There can not be the slightest doubt that the considerable pride felt in all that those three capitals ‘SPC’ meant to us boys, could, in a generous measure, be attributed to Br O’Malley; it seems that his own self-identification with St Pat’s generated an aura of loyalty that communicated itself to us boys. Of course, it was there in all the Brothers but uniquely in W.T. O’Malley. In those days of examination results by anonymous numbers in the newspaper, there was not the same sense of achievement and inspiration for greater school spirit in the academic field as in the sporting arena and even – when one considers vocations – in the religious aspect of College life. However, I do recall the impression made on me by Br Healy’s somewhat dramatic, certainly surprising, entry into the dining room on one occasion to announce that, of the four scholarships offered by Newman, St Pat’s boys had won two. And I have no doubt that results were very good overall.

The Final Term Banquet in 1946, published in the 1946 College Annual.

Naturally enough, we boarders had our fair share of grizzles over the concomitant hardships – as we saw them – of boarding school life. For my part, I found that each year I was drawn in and more than compensated by the more joyful and positive sides to boarding life the longer I stayed.
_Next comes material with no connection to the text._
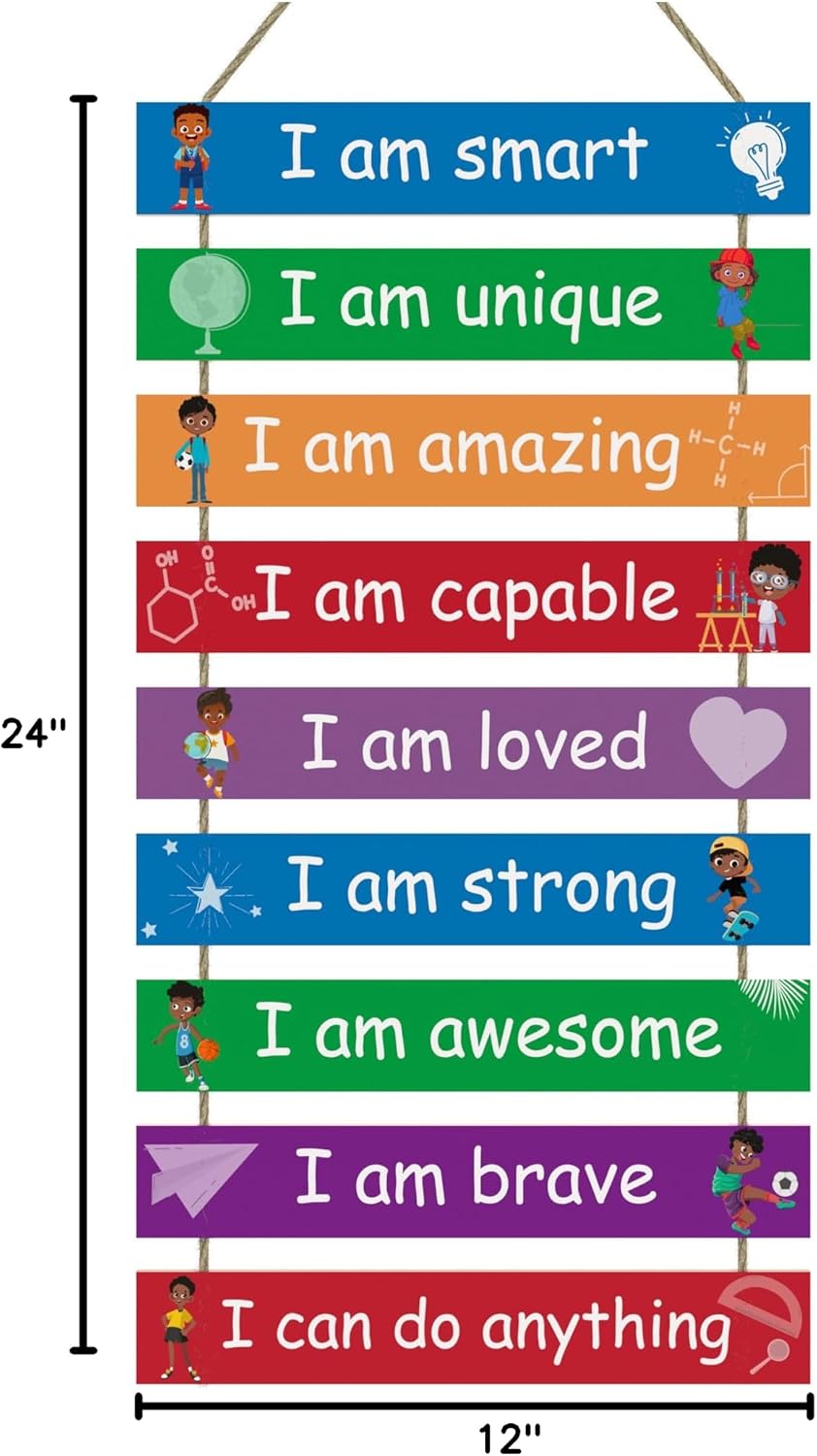 Kids Room Decor, Set of 9 Pieces Boys Room Wall Art, Motivational Wall Decor Wall Hanging Plaque for Kids Bedroom Playroom Bathroom Decorations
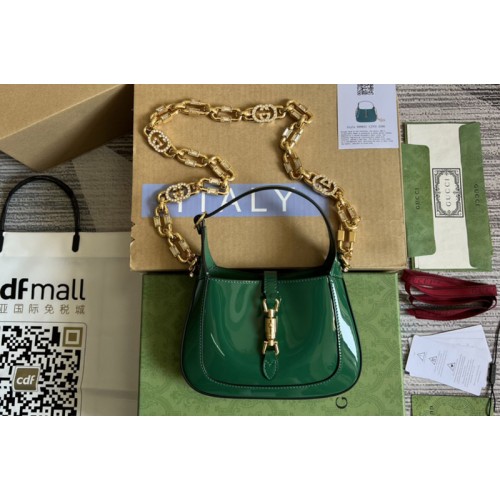 Gucci Jackie 1961 mini shoulder bag in Green patent leather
One does not forget the rigours of the Ballarat cold or the absence from home or the somewhat Spartan lifestyle of St Pat’s of the forties, but is those other and enliveningly, pleasant memories that thrust themselves more readily on the mind: the camaraderie that was the brightening panacea of all our boyish woes, Saturday night ‘flick’ as we called the movies then being entertained by the magic art of Br Clem Carroll, end-of-term banquets, shouting our teams to sporting victories and participation in our own turn, hours of satisfying recreation on the handball courts, playing ‘real’ handball, delightful afternoons on the athletic field, sunning ourselves on the forbidden ‘hill’, enjoying a Saturday afternoon on the tennis courts or down at the boatshed swimming or taking a pleasure boat out or simply munching a pie with sauce for fourpence on the way home from the corner shop!

And all the while yet another generation of young Catholic men was being moulded and assisted to go worthily from SPC in the footsteps of a long line of College old boys, so many of whom St Pat’s could be so justifiably proud.”